_EXERCISE GOAL_
Give back only the lines from the one with "When you understand" through the last line of the data, exactly as they appear.

_Scraped caption text data_
☆ ☆ ☆

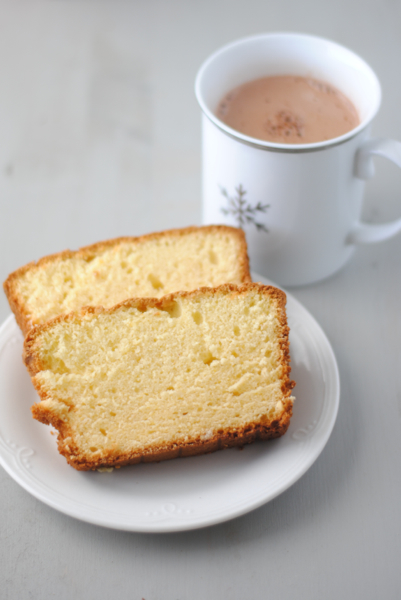 The REWM:Foodstuffs: Egg nog pound cake - The REWM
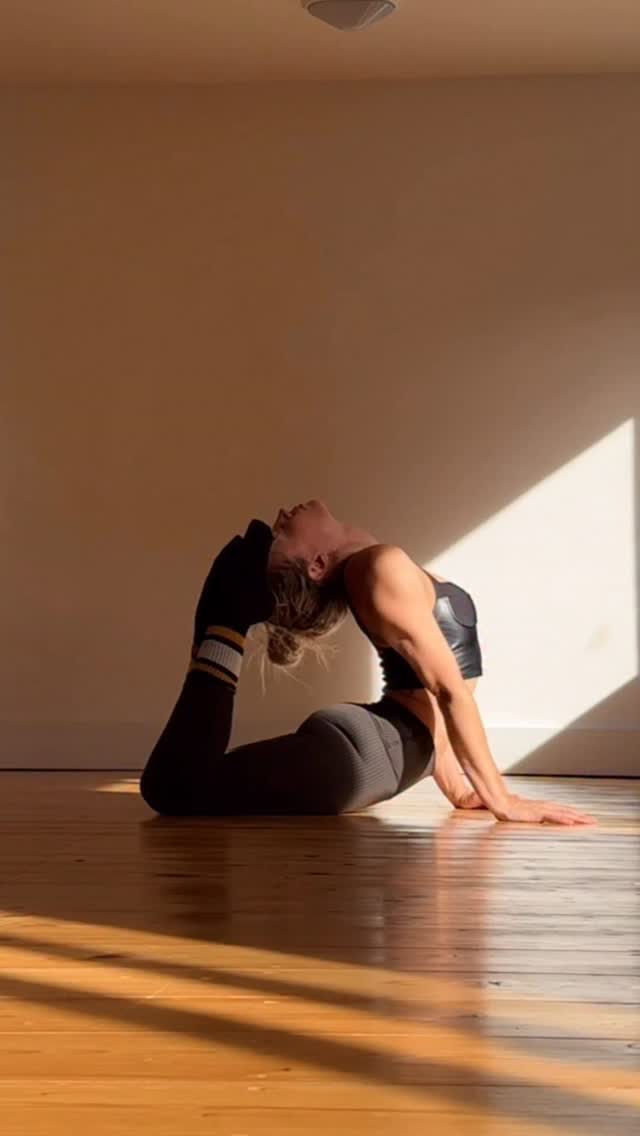 So much of practice comes down to the why.
It’s not enough to repeat a shape just because it looks cool or because someone else is doing it. Every movement has a purpose — whether it’s building strength, expanding range, refining control, or preparing your body for something bigger.
When you understand why you’re approaching a pose in a certain way, you train smarter. You start making choices that match your body, your goals, and your long-term growth — instead of just following along.
For me, the “why” is where real progress begins. Without it, you’re just moving. With it, you’re creating a practice that actually supports you.
This is something I emphasise in both my own practice and my teaching. If you’d like to practice with me online, I have a full library of classes available. Send me a message about your goals and needs, and I’ll help you find something that supports you. ✨
#flexibilitytraining #flexibilityonline #contortionpractice #artofflexibility #backbendlove #flyingcobra #cobrabackstrength #cobravariations #workingwithprops #mobilitytraining #strengthandflexibility #trainingsmarter #movementintention #bodyawareness #smartpractice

☆ ☆ ☆

_SOLUTION FOR THIS EXERCISE_
When you understand why you’re approaching a pose in a certain way, you train smarter. You start making choices that match your body, your goals, and your long-term growth — instead of just following along.
For me, the “why” is where real progress begins. Without it, you’re just moving. With it, you’re creating a practice that actually supports you.
This is something I emphasise in both my own practice and my teaching. If you’d like to practice with me online, I have a full library of classes available. Send me a message about your goals and needs, and I’ll help you find something that supports you. ✨
#flexibilitytraining #flexibilityonline #contortionpractice #artofflexibility #backbendlove #flyingcobra #cobrabackstrength #cobravariations #workingwithprops #mobilitytraining #strengthandflexibility #trainingsmarter #movementintention #bodyawareness #smartpractice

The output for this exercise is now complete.